Students from Hillel, a campus organization for Jewish students and faculty, kick-started the beginning of Holocaust Remembrance Week with an informational fair in the Brickyard Monday afternoon.
The fair took place from 10 a.m. – 2 p.m. and, according to students who planned the event, was designed to help students remember the lessons of the Holocaust and to help bring awareness to other examples of genocide going on in the world today.
“The reason we’re doing this is because there are still a lot of problems with people hating each other and persecuting each other,” Ben Mazur, a sophomore in statistics, said. “Every time this happens, we try to learn a lesson from it and we try to educate people about it, but there are still problems like this going on today.”
Mazur, who serves as the treasurer for Hillel, presented the situation in Darfur, a region of Sudan where a conflict between Arab militia members and nonArab residents of the region has transpired since 2003, as an example of modern violence.
A recent estimate from the United Nations said that approximately 180,000 people have died in the last 18 months of the Darfur situation. The information fair included a table that provided students with information about the conflict.
Students from other student groups on campus were also present at the information fair for the same reason as Hillel.

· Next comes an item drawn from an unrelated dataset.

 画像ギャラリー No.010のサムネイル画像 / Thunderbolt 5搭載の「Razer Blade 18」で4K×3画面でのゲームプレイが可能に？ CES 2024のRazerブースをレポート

“We are here because we want to represent other groups affected by massacre and genocide, particularly in Bosnia and Kosovo,” Ameir Al-Zoubi, a junior in computer science and president of the Muslim Student Association, said. “We wanted to make it something everyone could relate to.”
The information fair also pointed out that there were many people other than Jews who were victims of genocide during the Holocaust.
Students working at the information fair gave out small triangular pieces of felt to attendees. The different colors of triangles represented the different groups that were targeted during the Holocaust.
Mazur said he asked students to take one of the triangles if they felt a special connection to one of the groups or wanted to show support for that particular group.
The fair provided information to students that stated during the Holocaust — immigrants, Jehovah’s Witnesses, Mormons, Catholics, homosexuals, armed forces members and disabled people were also taken into concentration camps.
Members of Hillel said that telling people about some of the other groups affected by the Holocaust was one of the event’s main goals for the week.
“I’m involved with Holocaust Remembrance Week because, as Jews, we have a responsibility to share that not just Jews were involved in. While the Holocaust was happening people ignored it and didn’t believe that something that bad could happen,” Rachel Greenstein, a junior in sociology and social studies education and president of Hillel, said. “The United States didn’t step in until after Pearl Harbor even though we had evidence that the Holocaust was happening. If we don’t tell people to remember the Holocaust and be aware of other instances of genocide — then no one will.”
Holocaust Remembrance Week will continue today when student volunteers will be recruited to read names of people who were killed during the Holocaust.
The reading of names will take place from 7:30 a.m. – 7:30 p.m. in the Brickyard.
Also scheduled for today is a candlelight vigil at 8:00 p.m. on Harris Field.
Mazur said that the vigil will have speakers from different faiths talking about how people can live together and learn from the events of the past.